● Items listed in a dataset
------------------------------------
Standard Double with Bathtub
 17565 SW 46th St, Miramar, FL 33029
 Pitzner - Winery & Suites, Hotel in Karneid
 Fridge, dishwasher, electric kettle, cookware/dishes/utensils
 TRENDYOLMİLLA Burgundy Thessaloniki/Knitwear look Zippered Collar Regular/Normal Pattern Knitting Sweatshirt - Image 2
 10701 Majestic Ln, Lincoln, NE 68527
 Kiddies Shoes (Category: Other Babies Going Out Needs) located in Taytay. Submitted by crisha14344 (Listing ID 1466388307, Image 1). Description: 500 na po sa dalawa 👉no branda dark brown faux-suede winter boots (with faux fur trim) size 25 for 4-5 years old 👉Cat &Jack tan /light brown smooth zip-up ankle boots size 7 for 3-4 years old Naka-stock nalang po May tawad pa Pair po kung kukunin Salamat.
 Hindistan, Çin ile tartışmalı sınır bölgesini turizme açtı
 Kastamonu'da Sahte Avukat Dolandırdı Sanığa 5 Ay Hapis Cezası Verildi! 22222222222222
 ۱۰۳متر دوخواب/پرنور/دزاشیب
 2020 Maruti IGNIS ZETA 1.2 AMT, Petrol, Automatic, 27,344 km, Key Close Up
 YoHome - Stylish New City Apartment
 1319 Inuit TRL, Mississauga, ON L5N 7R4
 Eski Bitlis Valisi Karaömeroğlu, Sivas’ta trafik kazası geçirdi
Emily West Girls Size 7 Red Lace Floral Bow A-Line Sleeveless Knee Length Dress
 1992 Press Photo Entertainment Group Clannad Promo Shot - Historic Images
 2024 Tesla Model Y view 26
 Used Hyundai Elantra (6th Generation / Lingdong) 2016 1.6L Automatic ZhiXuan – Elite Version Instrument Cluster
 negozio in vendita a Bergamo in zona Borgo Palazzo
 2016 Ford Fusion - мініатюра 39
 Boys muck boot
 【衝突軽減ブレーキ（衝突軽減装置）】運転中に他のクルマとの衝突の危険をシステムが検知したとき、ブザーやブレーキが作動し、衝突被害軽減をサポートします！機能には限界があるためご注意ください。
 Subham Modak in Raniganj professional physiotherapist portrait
------------------------------------
● Task goal
Lines holding the word "with" are the answer; copy every one from the records above.

● Solved problem
Standard Double with Bathtub
 Kiddies Shoes (Category: Other Babies Going Out Needs) located in Taytay. Submitted by crisha14344 (Listing ID 1466388307, Image 1). Description: 500 na po sa dalawa 👉no branda dark brown faux-suede winter boots (with faux fur trim) size 25 for 4-5 years old 👉Cat &Jack tan /light brown smooth zip-up ankle boots size 7 for 3-4 years old Naka-stock nalang po May tawad pa Pair po kung kukunin Salamat.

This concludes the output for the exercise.